Look out, lazy Bee reporters and boring columnists! In other conglomeration news, The Sacramento Bee’s parent company, the ever-expanding McClatchy Co., may be considering plunking down $1.5 billion to buy another midsized newspaper chain, Pulitzer Inc. McClatchy already owns 12 daily papers and could add the Pulitzer 14, including the St. Louis Post-Dispatch, the Arizona Daily Star and four middling papers in California. The news that Pulitzer was up for sale was reported locally last week in the Sacramento Business Journal and was prominent in the business press in other parts of the country (what, no Bee story?). But none of the reports Bites read mentioned how great the consolidation would be for readers. So, Bites asked Peter Hart, an analyst with the media watchdog group Fairness and Accuracy in Reporting, to explain what benefit regular Bee readers might get from the merger, and it’s not much. “Usually, the idea is to pare down the news staff as much as possible, typically at the expense of local reporting.” Yes, Hart said sadly, such mergers can make a lot of money for shareholders, but they don’t generally make for great journalism. “It would be a gradual shift; the casual reader might not notice anything at first,” Hart explained. But, over time, the larger companies tend to cut staff as they buy up papers, and rely less on local reporters and more on synergistic pre-packaged stories. “The idea is to figure out how to do as little as possible and still maintain some semblance of a daily newspaper.”

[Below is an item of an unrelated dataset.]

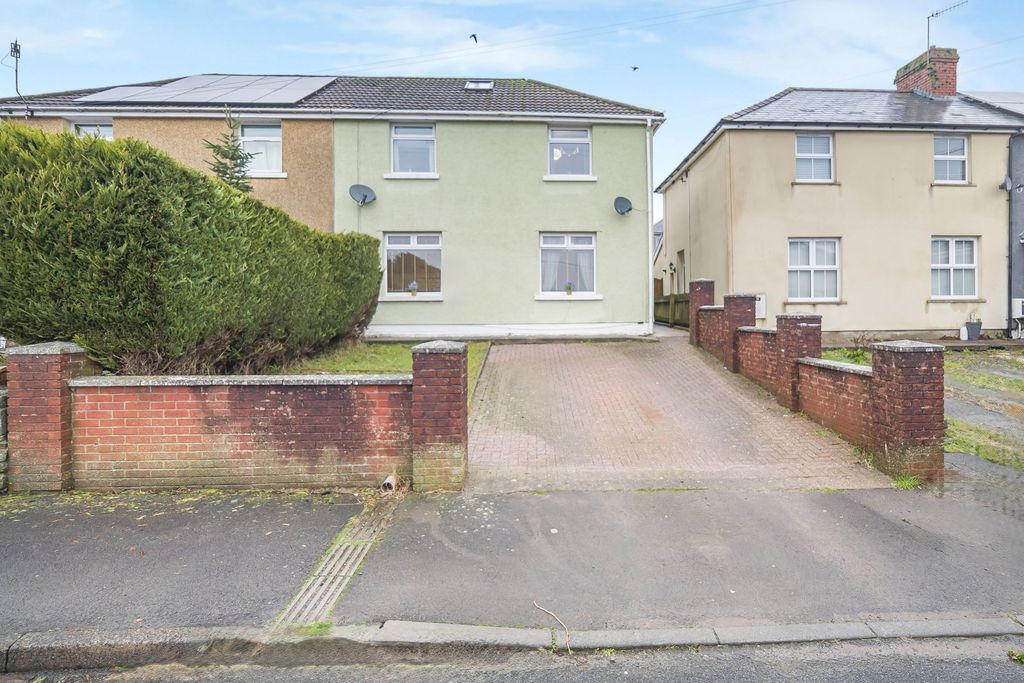 Property photo 1 of 34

Dueling lobbyists fire first shots: Bites is ready for a loud public fight over marriage now that the Traditional Values Coalition (motto: “Empowering people of faith through knowledge”) has come forward with proposals for a state constitutional amendment to add California “to those 11 other states that passed marriage amendments on November 2nd preserving marriage for one man and one woman.” The values people held a press conference last Monday with local pastors, and their spokesperson declared that “the notion of homosexual marriage will be pushed back in the closet where it belongs.” So, who’s in the blue-state corner pushing back? State Assemblyman Mark Leno is presenting Assembly Bill 19, which will change the language of the law to recognize marriage as a non-gender-specific union between two people. His press conference was held the next day, and the title of the bill is: the Religious Freedom and Civil Marriage Protection Act. Bites is always on the side of allowing anyone—male, female, whatever—to get married, and at least that way they can fight over values in private and then take it public in a courtroom.